| Assignment |
Work through the listing below and give again exactly the lines from the one with "Może przedstawiać: Kolekcja" to the one with "kleankin Mobile Sotto", both ends included. All other lines and all pictures stay out.

━━━ Data for this exercise

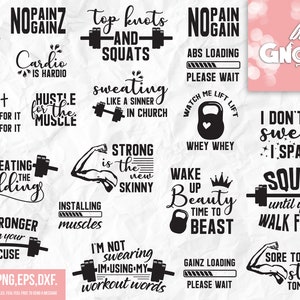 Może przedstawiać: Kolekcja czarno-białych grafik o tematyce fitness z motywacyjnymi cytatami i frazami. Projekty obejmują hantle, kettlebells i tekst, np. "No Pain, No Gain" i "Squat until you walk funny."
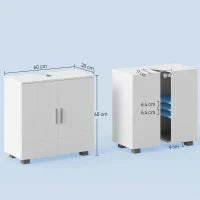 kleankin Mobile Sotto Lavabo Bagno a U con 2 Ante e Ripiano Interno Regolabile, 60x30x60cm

━━━━━━
━━━ Data for this exercise

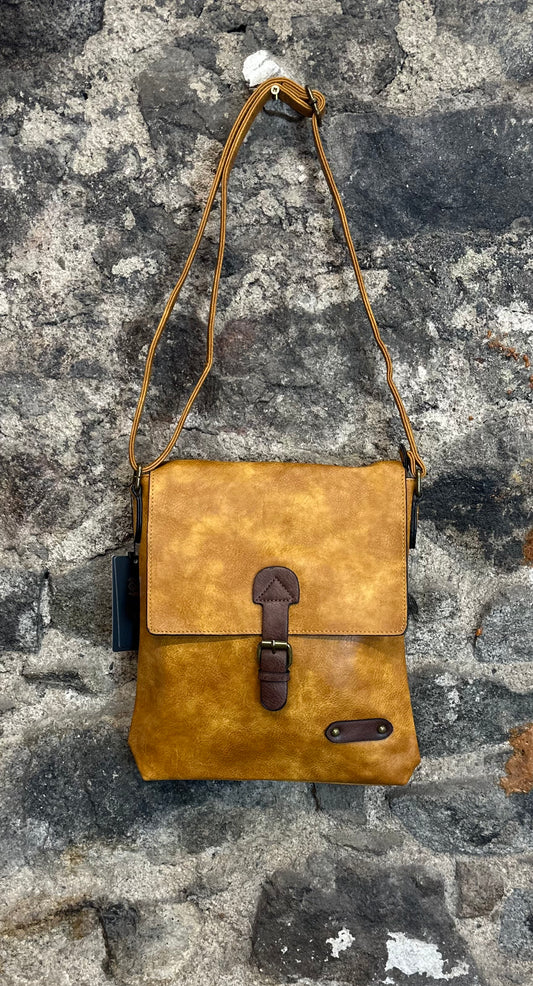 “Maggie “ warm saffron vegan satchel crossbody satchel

━━━━━━
━━━ Data for this exercise

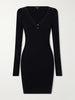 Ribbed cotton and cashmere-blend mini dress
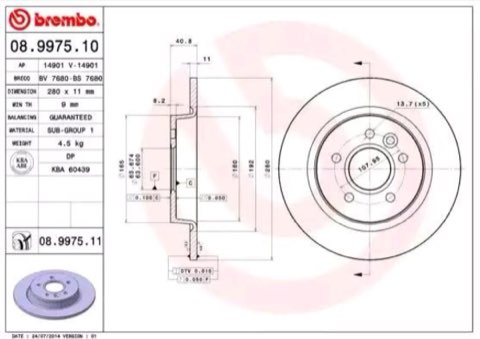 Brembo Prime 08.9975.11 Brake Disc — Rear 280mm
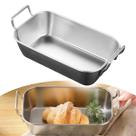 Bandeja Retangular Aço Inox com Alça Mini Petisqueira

━━━━━━

| Written answer |
 Może przedstawiać: Kolekcja czarno-białych grafik o tematyce fitness z motywacyjnymi cytatami i frazami. Projekty obejmują hantle, kettlebells i tekst, np. "No Pain, No Gain" i "Squat until you walk funny."
 kleankin Mobile Sotto Lavabo Bagno a U con 2 Ante e Ripiano Interno Regolabile, 60x30x60cm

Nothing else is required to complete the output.